Jaguar Land Rover's head of product development, Wolfgang Ziebart, is guiding the rapid expansion of the Land Rover and Jaguar ranges. The former BMW product development chief shared details of the company's plans to expand its vehicle and engine lineups, while reducing CO2 emissions. He spoke with Automotive News Europe UK Correspondent Nick Gibbs.
How difficult will it be for Jaguar Land Rover to reach average CO2 emissions of 132g/km in Europe by 2020?
We don't need completely new inventions. The technology to meet the targets is available. For 2020, it will be very much about selecting which technical solutions are appropriate so that the targets are met, but at a cost that's within certain limits.

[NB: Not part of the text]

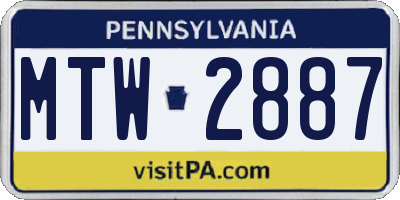PA license plate MTW2887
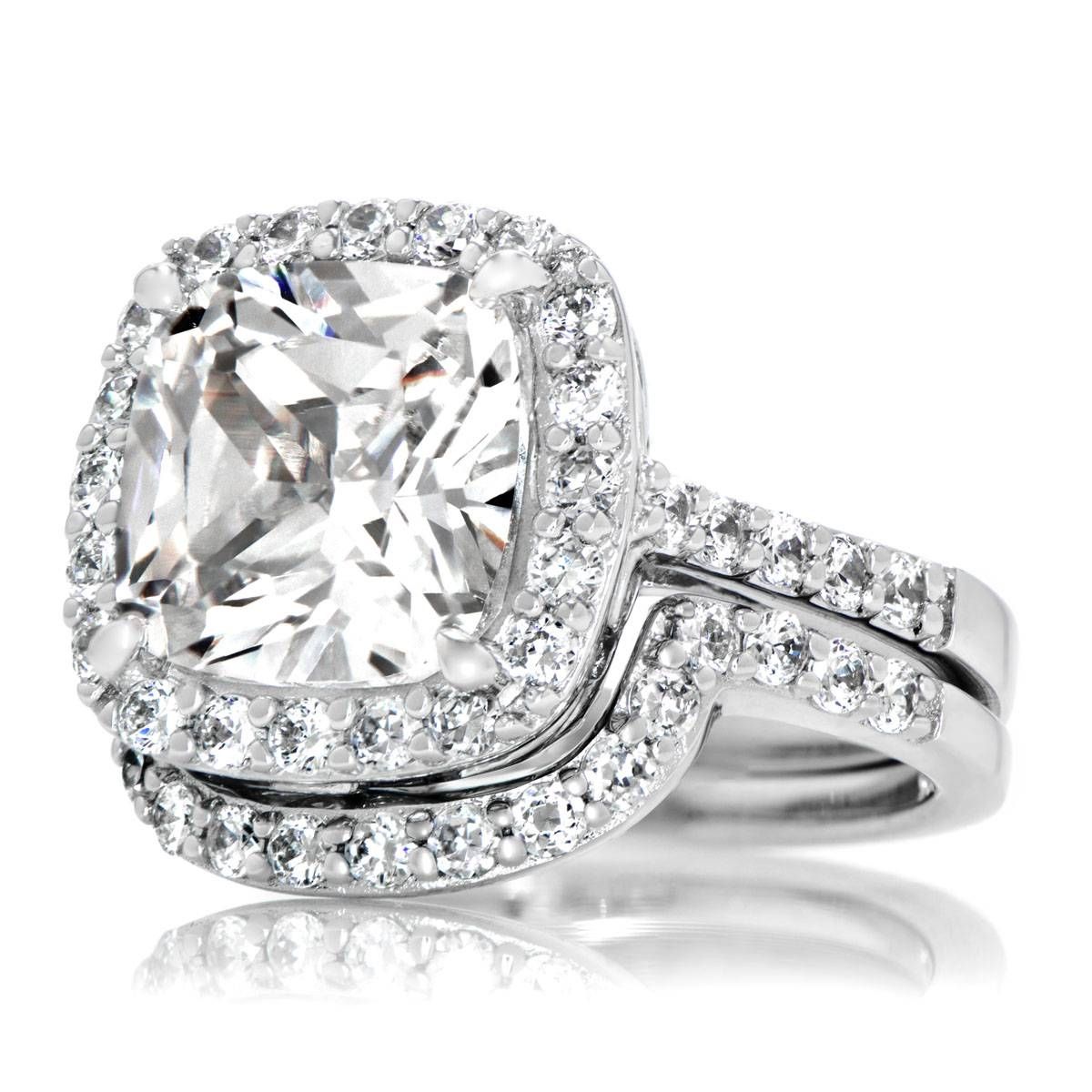 Cushion Cut Cz Halo Wedding Ring Set – 10mm With Fake Diamond Wedding Bands (View 6 of 15)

One analyst estimate said JLR could spend $1.1 billion a year by 2020 to hit global CO2 targets.
We're not going to spend more than other manufacturers. No one manufacturer has a particular advantage over the other. It will be challenging for larger vehicles, but it's also challenging for smaller vehicles in that they have less freedom to maneuver in terms of which technology you can bring.
JLR will launch more hybrids as well as its first plug-in hybrids. When will we see them?
We can’t talk about specific dates, but you can expect progress along the route we started with the current hybrid electric [system used in the Range Rover Hybrid and Range Rover Sport Hybrid with the SDV6 diesel]. The share of electric power will increase and the combustion will be downsized so that you have more opportunity to drive electrically.